Per noi bambini oggi 60enni i tatuaggi erano “disegni” presenti solo su braccia e pance di barbuti pirati o filibustieri della Tortugue nei cartoni animati e negli sceneggiati tipo “la nonna del corsaro nero” che trasmetteva la RAI (allora c’era solo lei). Oppure sulle braccia del più famoso marinaio dei cartoni animati: Popeye (braccio di ferro in italiano). Crescendo abbiamo continuato a vederli su personaggi che erano legati alla malavita e dei marinai oppure sulla pelle abbronzata degli Haitiani. Insomma (a parte gli Haitiani) tatuaggio=cattivo erano uno stereotipo. Ma niente di più.
Passano poche decine di anni e bum: esplode la tatuaggio-mania. Chi non ricorda la “farfallina” di Belen che spuntava dallo spacco vertiginoso del suo vestito all’altezza dell’inguine durante un Sanremo. Questo è un caso tra i più “famosi”. Poi basta vedere i giornali di gossip con calciatori con i “loro” in genere molto vistosi, con simboli a volte della tradizione celtica. E poi basta guardarsi attorno nei bar in piscina al mare…

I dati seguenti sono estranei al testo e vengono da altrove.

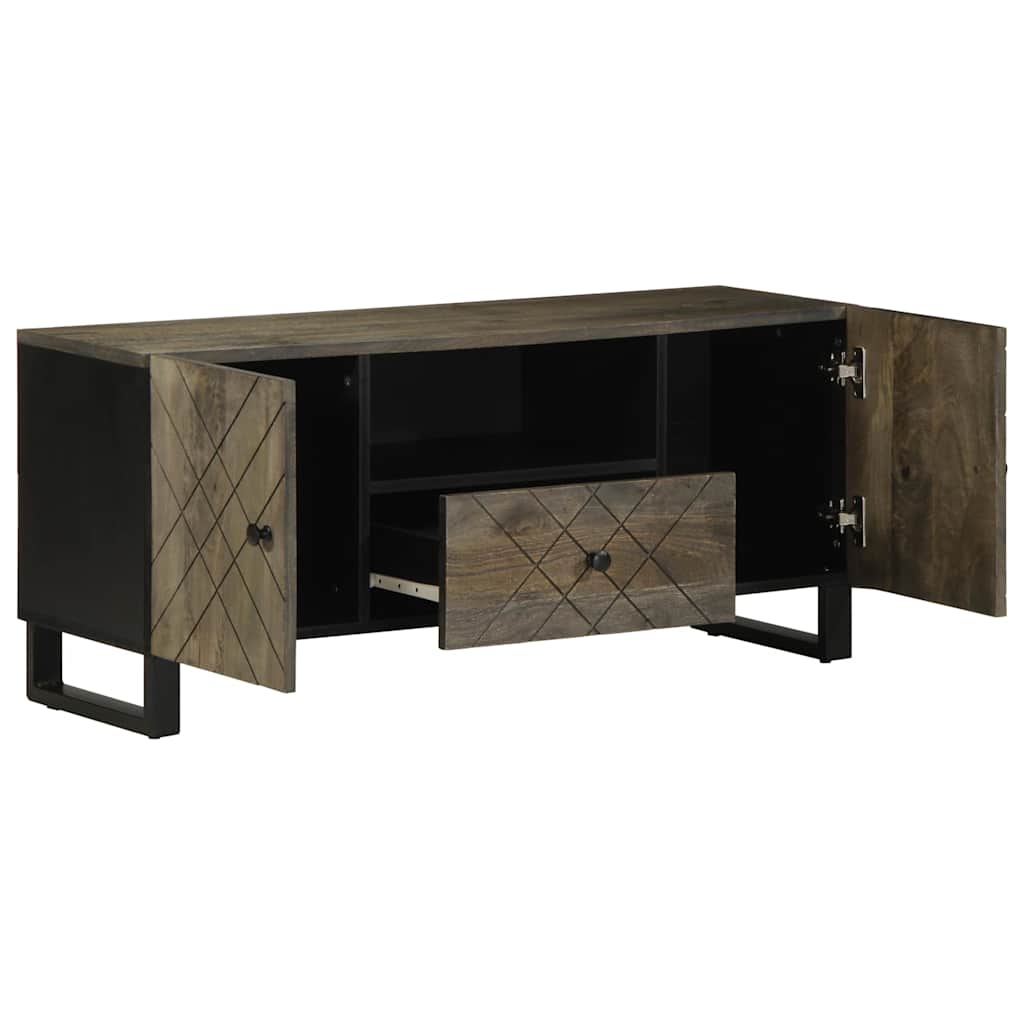 Móvel de TV 105x33x46 cm madeira de mangueira maciça preto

Stranamore si chiede se vi sia una correlazione tra il successo dei tatuaggi e questo periodo di intolleranze e rancori sociali. Se da ragazzini li vedevamo sui “cattivi” oggi ancora i cattivi sono quelli che li amano? Insomma il tatuaggio è una specie di cartina al tornasole di ciò che hanno nell’anima?